Before there was a Tea Party, there was a tea party. If you know what I mean. As I’d noted in the past, those kids could stage their version of Boston Harbor that quick.
We heard all the old standbys without which no childhood is complete. “All of my friends get to A, B and C,” they’d say. This could be anything from staying up all night to playing video games ‘til their eyeballs fell out to adopting a food pyramid made entirely of candy.
Then this, “None of my friends have to X, Y or Z.” This ran the gamut from “clean their rooms” to “take out the trash” to “lift a finger.” Having made their point with clever flip charts and graphs, the disgruntled colonists would rest their case.
Which is when the British (aka Local Authorities) would repeat the old standbys without which no parental career is ever complete. “If all of your friends jumped off of a cliff like little lemmings, would you jump, too?” And, “If you’re really that hungry, you can have seconds on broccoli.” And this: “I have a degree in slave driving from the University of Egypt. I can’t let it go to waste.”

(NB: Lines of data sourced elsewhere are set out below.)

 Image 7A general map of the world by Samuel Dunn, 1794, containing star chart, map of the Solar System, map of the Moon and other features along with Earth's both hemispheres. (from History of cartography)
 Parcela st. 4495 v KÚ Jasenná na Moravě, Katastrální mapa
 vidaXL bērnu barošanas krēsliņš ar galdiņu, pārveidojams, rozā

If those staging the coup would pull a face or roll their eyes, we’d use one more. “Your face could freeze like that, you know.”

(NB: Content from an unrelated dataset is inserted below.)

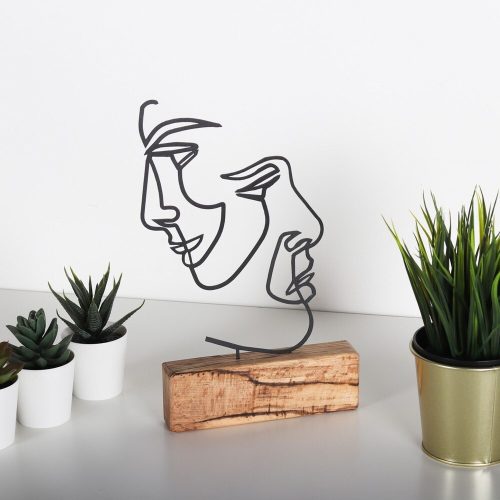 Elegant Black Decorative Object, Metal & Wood, 17x38cm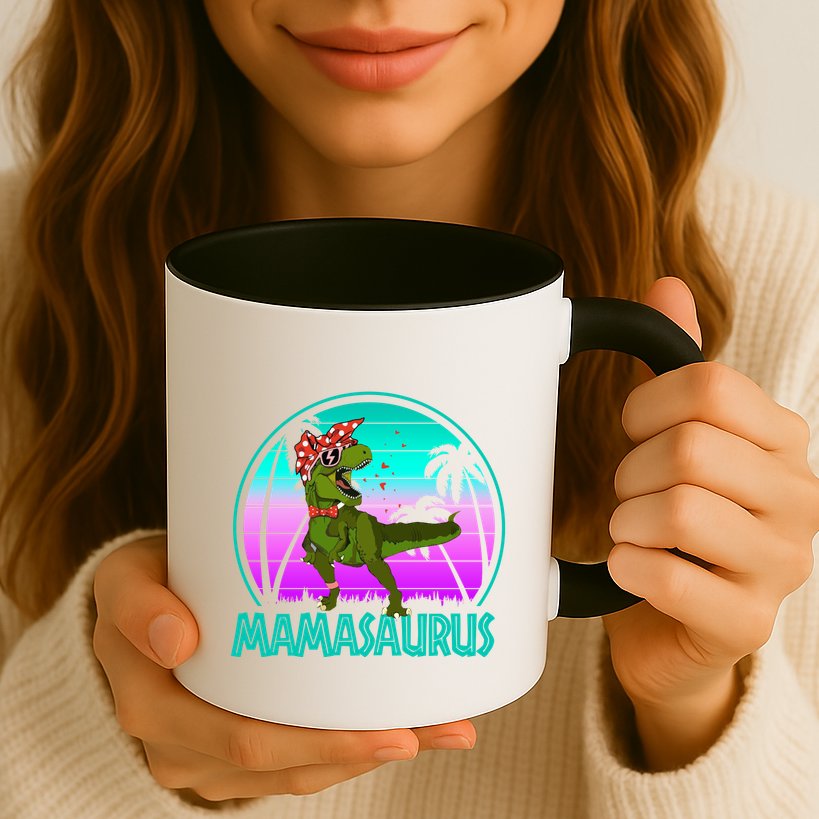 Mamasaurus Rex Mama Dinosaur Retro Dino Mug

No, this wasn’t a vote center on hot-button issues. You had to draw your battle lines, parents did, because once you had more than two, you were outnumbered. And that’s when anarchy could break out.
In my family of origin, the count was 3-2. Three kids, two parents. But in Mr. Schrock’s family, it stood at 5-2, overwhelming odds in anyone’s book.
They were a pack, those five, having arrived in exactly six years. A little herd’s what they were, able to start a revolution at the drop of a cookie box. It was especially disconcerting when they revolted en masse in the back of the family station wagon. With no seat belt laws, things could go to a very hot place in a proverbial hand basket, and fast.